S. Harirao

“Demonetisation was a procedural right decision but instead of the right leg, the left leg was amputated. The courts are not bothered about the consequences of the decision!” – Vinod Chand in fb.

Above is a comment on the Supreme Court majority 4:1 verdict delivered on 02.01.2023  on demonetisation announced on television broadcast by PM Narendra Modi on 08.11.2016. The majority judgement found no flaw and upheld the demonetisation process no matter the hardship faced by the citizens in the process.

The sole woman Judge Justice B.V. Nagarathna, differed with the other judges; in her minority judgment it was stated that the notification issued under Section  26(2) of RBI Act was unlawful because the Government had initiated the process and not the RBI Board. The dissenting Judge further added that official records show the Central Board of RBI had hardly any time to apply its mind independently to the government proposal since the  decision taken within 24 hours and acted merely on the assurances given by the government that the demonetisation process would result in reducing bank notes and switch  over to digitalization in the economy. Instead, the Union government should have taken it to Parliament which is a “nation in miniature” or could have promulgated an ordinance.

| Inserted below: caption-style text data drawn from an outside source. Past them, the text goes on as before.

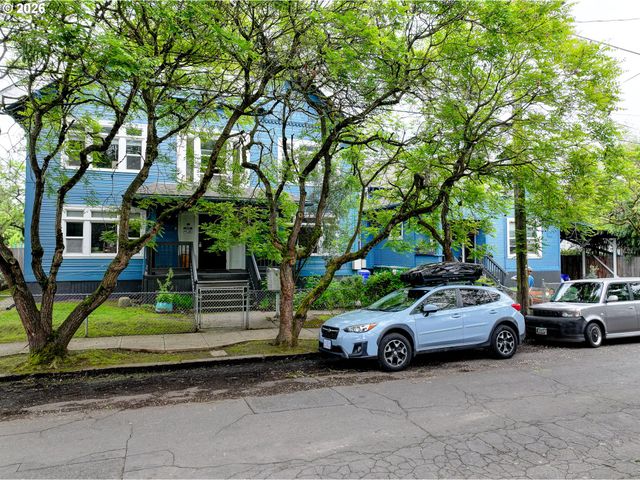 4024 Ne 6TH Ave, Portland, OR 97212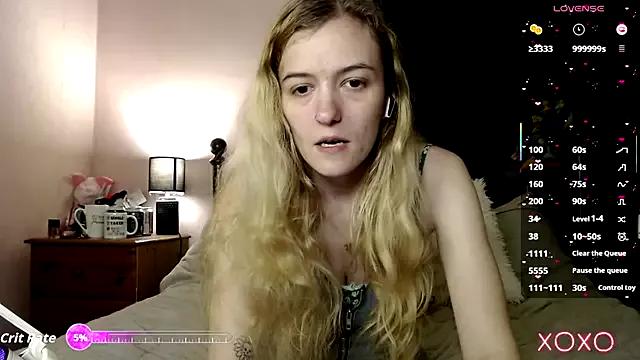 EllieeRose on StripChat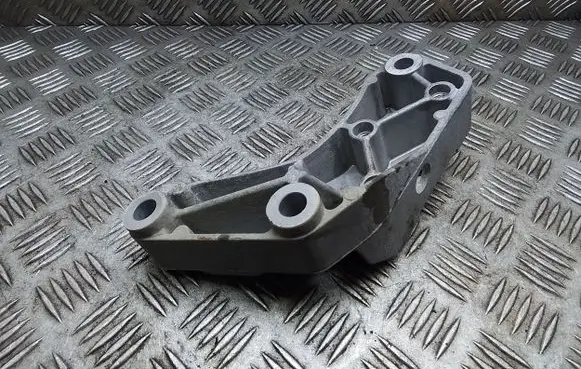 Skoda Yeti (5L) Gearbox mounting bracket 1K0199117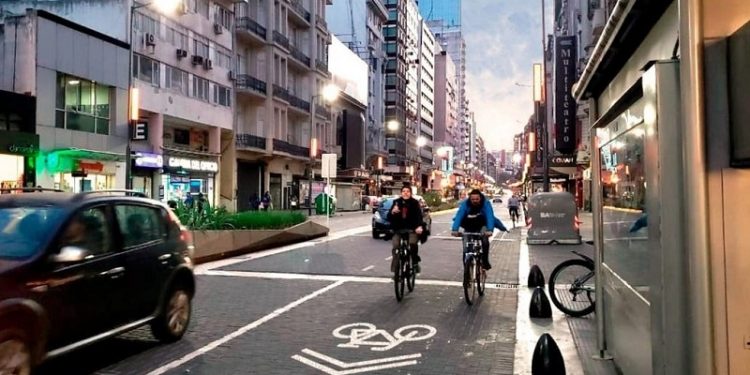 Efecto pandemia: En un mes habrá ciclovías en las avenidas Córdoba y Corrientes
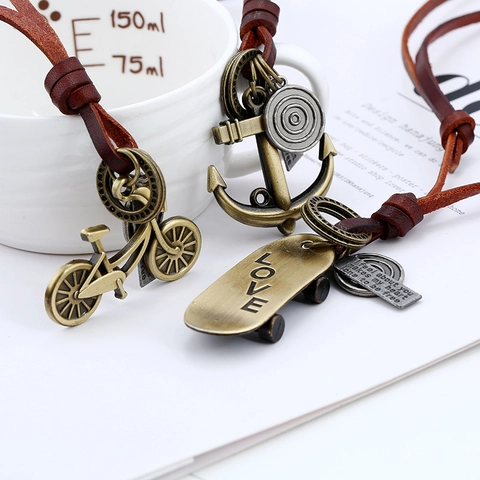 Collier Pendentif en Alliage de Cuir de Vache Fait à la Main Rétro pour Hommes Femmes Chaîne de Pull Longue en Cuir Vintage Bijoux Unisexe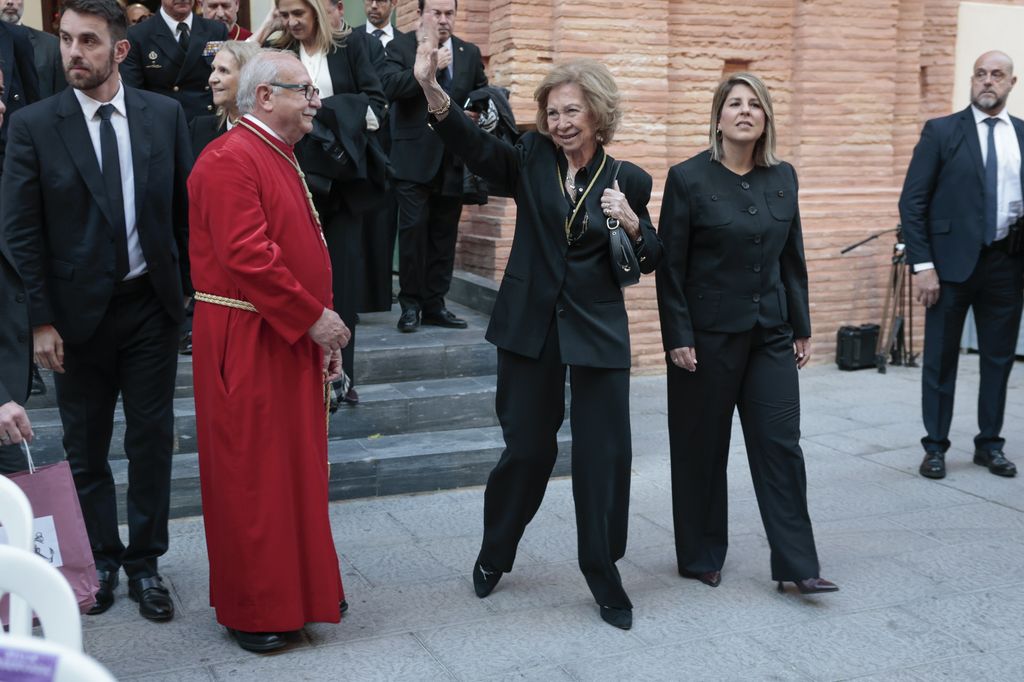 La reina Sofía saludando al público de Cartagena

Demonetisation created havoc:

Mere the word demonetisation creates a kind of trauma in the mind, reminding the hardship and pain the citizens of this country had undergone for 50 days and thereafter. Around 104 died in the long queues in front of bank branches to exchange a few thousand hard earned money they had during the suddenly announced process. Not to mention the difficulties the bankmen suffered during that time in which 12 of them died.  In the name of system and procedure, many innocent staff were chargesheeted and harassed for no fault on their part. Still one wonders why it has been announced by the PM instead of RBI Governor or its officials.


Though it was said that the objectives were “noble and well-intentioned”, on going through the pronounced three objectives of curbing black money, eliminating corruption and fake notes and stopping funding of terrorist activities, all proved to be only rhetoric and the facts and figures proved that none of the three objectives were achieved in the process but only caused severe economic crunch and unbearable miseries to the majority of  the public.  RBI data says that 99% of old notes in the public domain had come back to RBI which means all black money turned white, and there existed negligible number of fake notes. The terrorist activities have not stopped.  

But after few days of demonetisation, the goal posts were changed by the government stating that the main aim was to bring in digitalisation of transactions which would be good for improving the economy and in curbing black money.  But as per RBI data the money circulation in currencies have actually increased. The money in circulation was 18 lakh crores at the time of demonetization; whereas it has increased to Rs.32.41 lakh crores as on 31.12.2022.

Throughout that 50 days period, banking activities like lending, deposit mobilisation etc got totally paralysed and the only transactions were that of exchange of old notes and remitting them to currency chests.  Even private banks, petrol bunks and shops like Big Bazar were also allowed to exchange old notes, and there were many incidents of frauds.

The Supreme Court lawyer Gautham Bhatia wrote that the secret documents based on which 4:1 majority verdict was delivered were submitted after hearing was over which means that the petitioners were not shown those documents and hence there was no chance to respond on those documents which were relied upon by the  judges.

Shri P. Chidambaram who argued the case in the SC commented that the minority judgement of the dissenting judge pointing out the  illegality of demonetisation is a slap on the wrist of the Government and felt happy that it has emphasised the important role of Parliament in a Democracy.  He further added that the majority verdict has not upheld the wisdom of  the decision nor has the majority concluded that the stated objectives of demonetisation were achieved.